In some ways, then, Celebration Rock filled a void. Sure, there were plenty of Canadian bands playing great, straightforward rock and punk music in the late aughts, but few records sounded as urgent, as restless, and as honest as this one from Japandroids. Celebration Rock stands out because it takes a series of universalities and creates something personal, all while establishing and maintaining a breakneck pace that perfectly suits the oversized hooks and emotions that permeate the record. “Fire’s Highway” is about the life experiences that could have been and the lingering lust that keeps us up at night. “She’ll kiss away your gypsy fears/And turn some restless nights to restless years” shouts Brian King, an absorbing world-weariness in his strained vocal take. “Fire’s Highway” may be the best example of what this album is about, sonically and thematically. Furiously strummed, distorted electric guitar and a pummeling drum take from David Prowse soundtrack every tale of blurry nights and the hazy mornings after.

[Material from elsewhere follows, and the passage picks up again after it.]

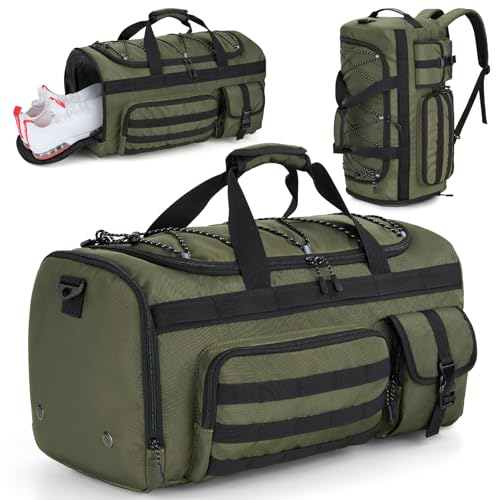Gonex 45L 3-in-1 Duffel Bag for Gym & Travel | 3-Way Carry Design, Shoe Compartment, 5-Zip Organization, Sports & Family Travel, Army Green - color: Army Green, size: 45L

As much as Celebration Rock meditates on the missed opportunities of youth and the fear of getting old, this isn’t an album full of sadsack odes to better times, or some sort of rosy nostalgia for records that employed only guitars and drums. Instead, it’s an album that uses its glorious shout-along choruses and air guitar-ready grooves to embrace the frantic nature of life. The tip off is right there in the title of the album. This is a celebration, not a lamentation, of the connections we make in our lives and how they not only form some of our best years, but also linger on after they’ve run their course; and, perhaps most importantly, such lingering is to be cherished. Fear, regret, jealousy, love, rage; they’re all part of the human experience, and Celebration Rock wants you to know that it’s rewarding to feel every single one of them.